Your objective: Look through the listing below for the line containing "Bed Mounting Bolt Kit (03-24 RAM 3500)". Copy it and each line after it up to and including the line containing "Baum ohne Stamm", exactly, leaving out pictures.

Supplied information:
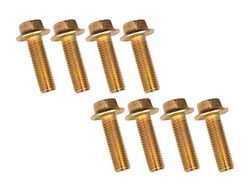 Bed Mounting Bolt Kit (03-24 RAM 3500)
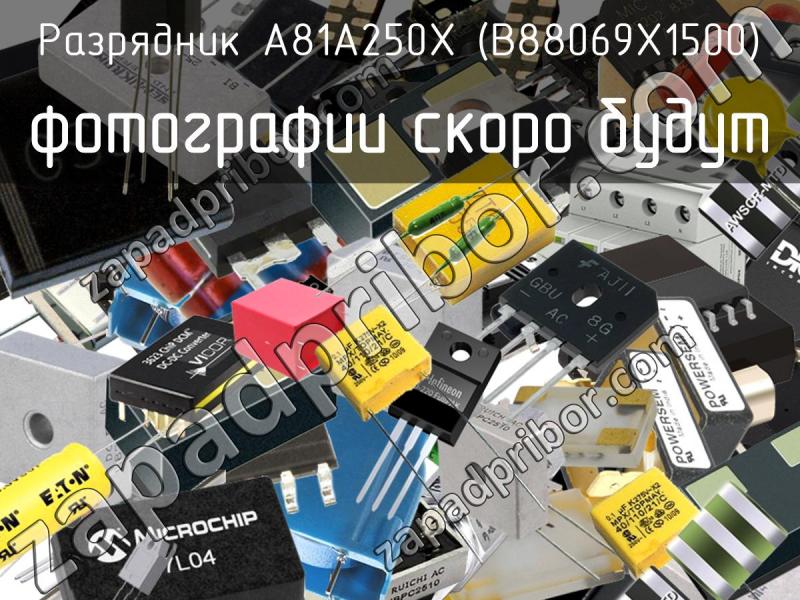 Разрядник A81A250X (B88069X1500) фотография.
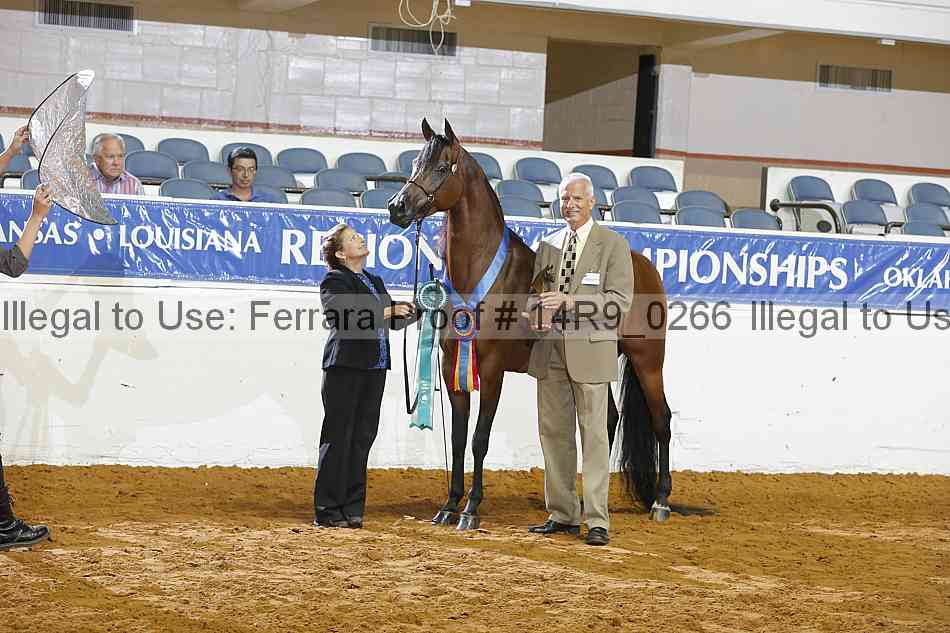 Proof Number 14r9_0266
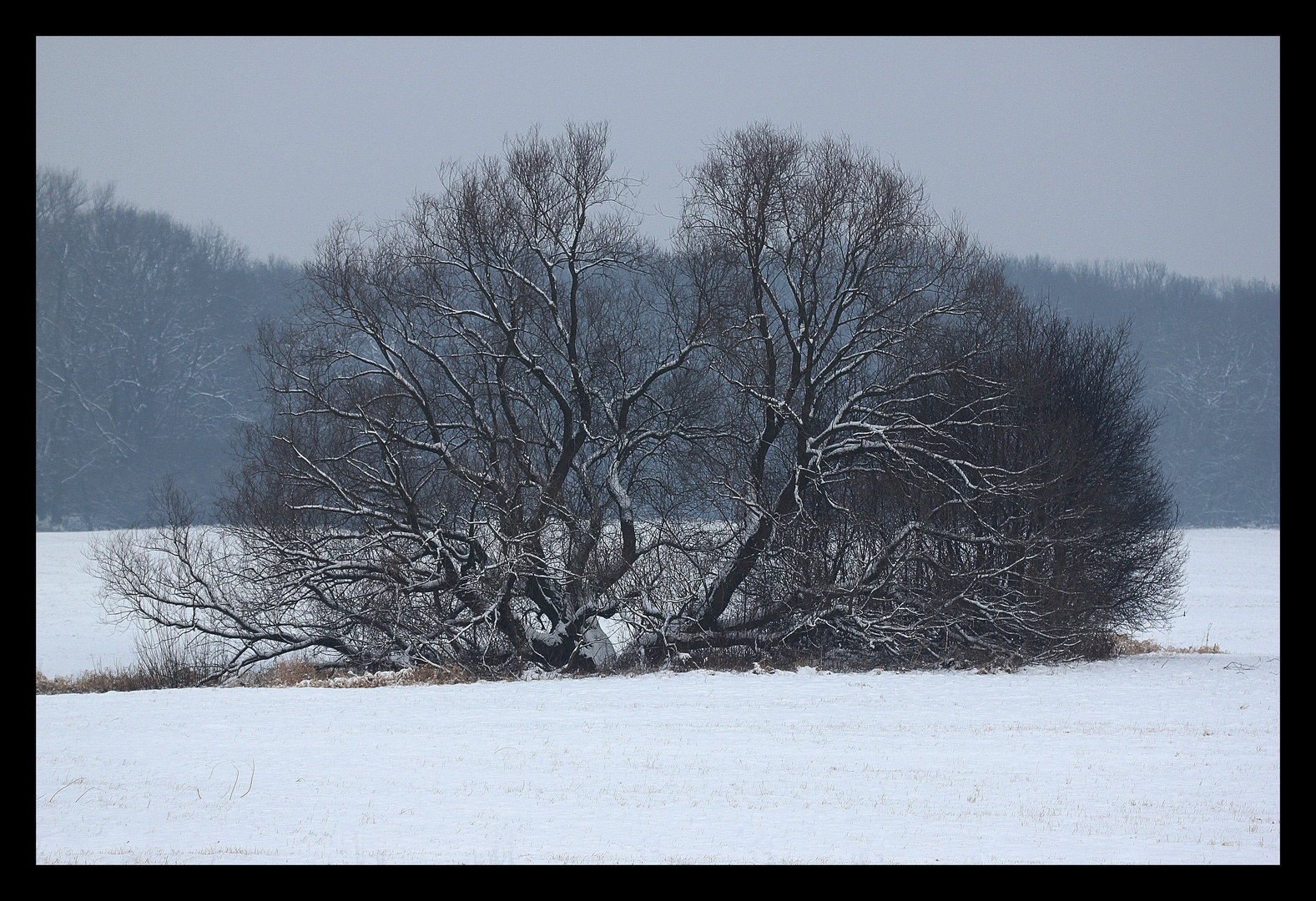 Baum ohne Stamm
...
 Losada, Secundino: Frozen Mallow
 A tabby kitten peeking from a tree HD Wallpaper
---
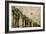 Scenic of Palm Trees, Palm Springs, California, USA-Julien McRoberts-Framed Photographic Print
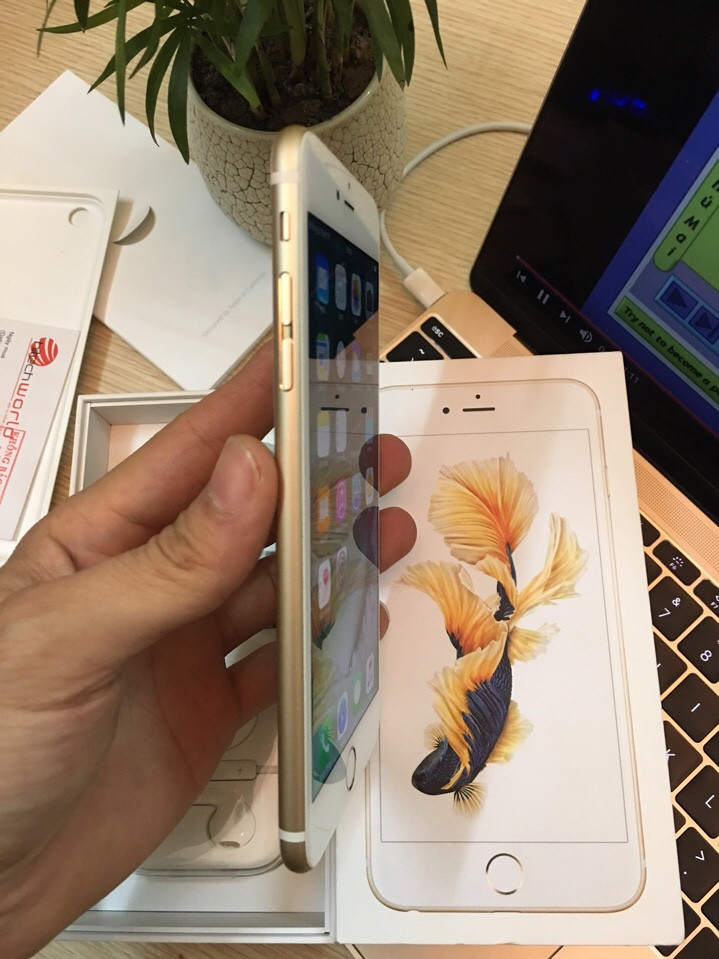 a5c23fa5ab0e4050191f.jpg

Exercise response:
 Bed Mounting Bolt Kit (03-24 RAM 3500)
 Разрядник A81A250X (B88069X1500) фотография.
 Proof Number 14r9_0266
 Baum ohne Stamm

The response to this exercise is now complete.